Why do you make films?

Three reasons: Courage, stupidity, and love. Courage to feel that I have something important to say, stupid enough to believe that it is possible to say it, and say it in film, and love - the love I have for an audience, and the need of love from an audience.

I am interested in film as communication of content. I need to reach people and inspire them and change their lives. I want to bring elements together that haven't been brought together before to make an obvious statement that has not been discovered.

But it's very difficult when you come from a working class background to make films, to get in a position of power where you can have access to the tools, let alone the courage. Few people from my background would have the courage to think that they could do anything beyond working in a factory. In think in a sense both Hollywood and New York do a disservice to people interested in film because they mystify the process; they make it seem more difficult than in reality it is. In reality it's principally the commitment and the ability to stick to it, until you get the product that says what you want it to say. And that can take five years, ten years, a lifetime. Which is why I felt fortunate growing up in Ohio, because it was a situation where I didn't have fear. I thought it was possible. I didn't have people running around telling me it was impossible to do what I was doing, or that I had to work for an industrial corporation first, before I could do what I wanted to do. I think many people have been lied to that way.
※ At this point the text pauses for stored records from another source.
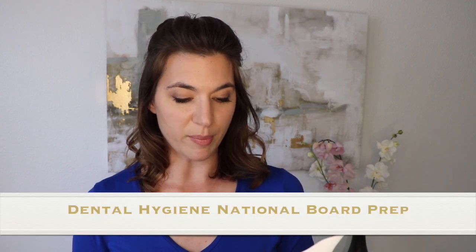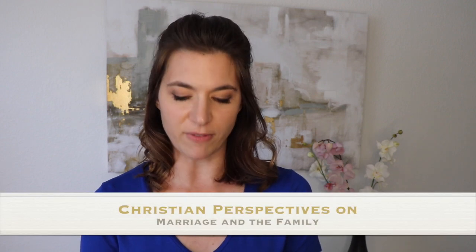Winter quarter: professional ethics, dental hygiene topics two, public health dentistry — that was kind of fun — clinical seminar two, dental hygiene clinic two, and dental hygiene national board prep. Spring quarter: jurisprudence and practice management, dental hygiene topics four, personal finance, clinical seminar three, dental hygiene clinic three, and Christian perspectives on marriage and family.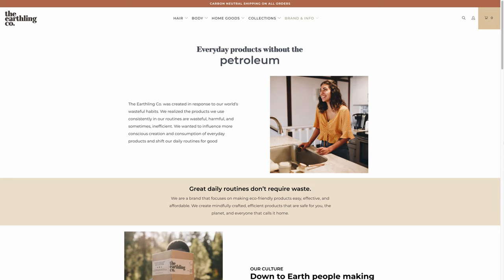Here's an excerpt from their website that I thought we could read together: 'Great daily routines don't require waste. We are a brand that focuses on making eco-friendly products easy, effective, and affordable. We create mindfully crafted, efficient products that are safe for you, the planet, and everyone that calls it home.' So if you're someone who lives an eco-friendly life, doesn't want to consume products that use plastics, and are good for the environment, this is my recommendation for you.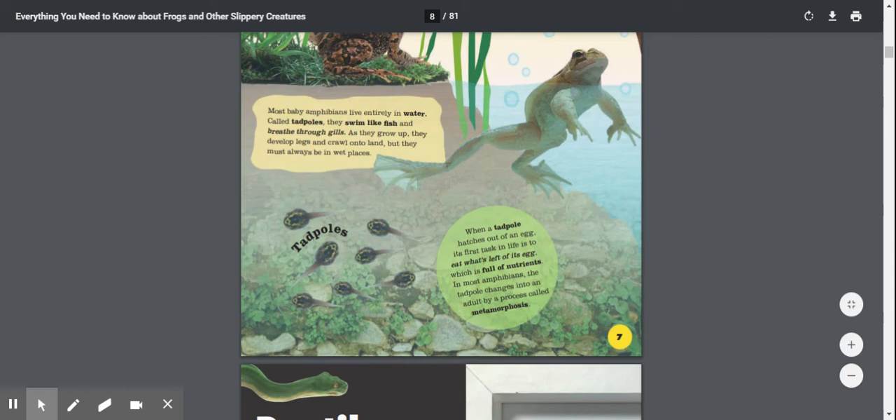When a tadpole hatches out of an egg, its first task in life is to eat what's left of its egg, which is full of nutrients. In most amphibians, the tadpole changes into an adult by a process called metamorphosis.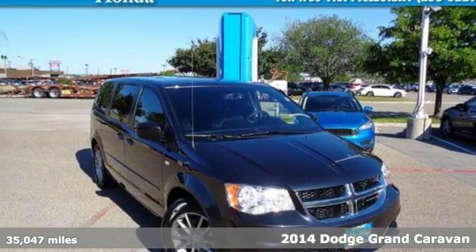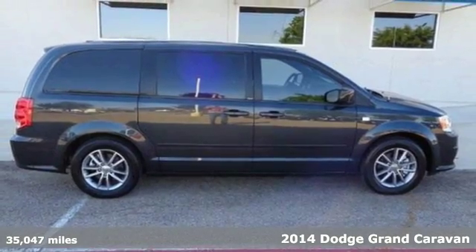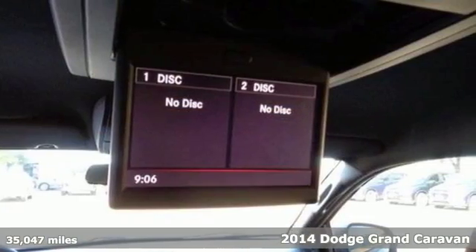It's a 2014 Dodge Grand Caravan. This Grand Caravan was designed to handle the unexpected by delivering craftsmanship fueled by innovation.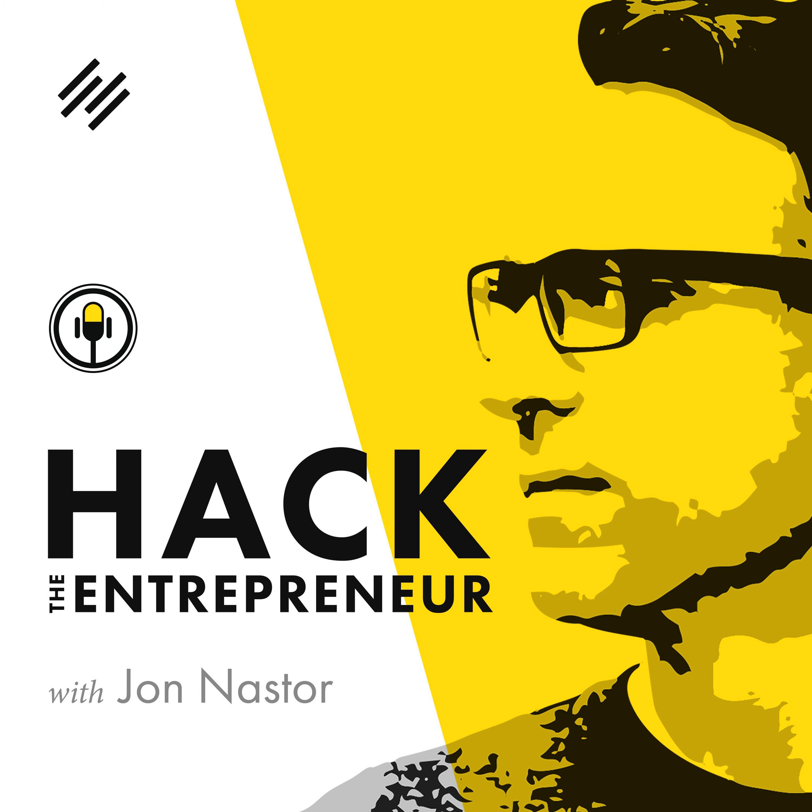We are back with another episode of Hack the Entrepreneur. And today we have a very, very special former Canadian, moved down to Kentucky, guest. That's right — Sean, welcome to the show. Thank you, glad to be here. Absolutely, my pleasure. I think we're going to have a lot of fun. Let's jump into it.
There was a thing in the "Los Angeles Times" last week that said the three most foreign words in the English language were 'parade', 'museum' and 'documentary'. So naturally it's a turnoff. I'd like to try and change that if possible. But I don't want to become a jaded old documentarian; there are too many of those around. I like comedy. I think comedy in documentary may be the way to go.

What do you see as the current problems with documentary?

When I first started in documentary back at Antioch College, a friend of mine saw a rough cut of "Men's Lives" where there is an interview with a barber. After the cut he said, "That barber, his pausing, his annunciation, ...he is so real - he's real enough to be an actor." And then when I moved back to Springfield, I saw a friend I hadn't seen for 10 years. He said, "Hi, what are you doing now?" I said, "principally I've been a documentary filmmaker." He said, "Oh, documentaries, I know a guy who used to do that; now he's making real films." That's the problem with documentary. People's sense of reality is so warped that documentaries aren't real films.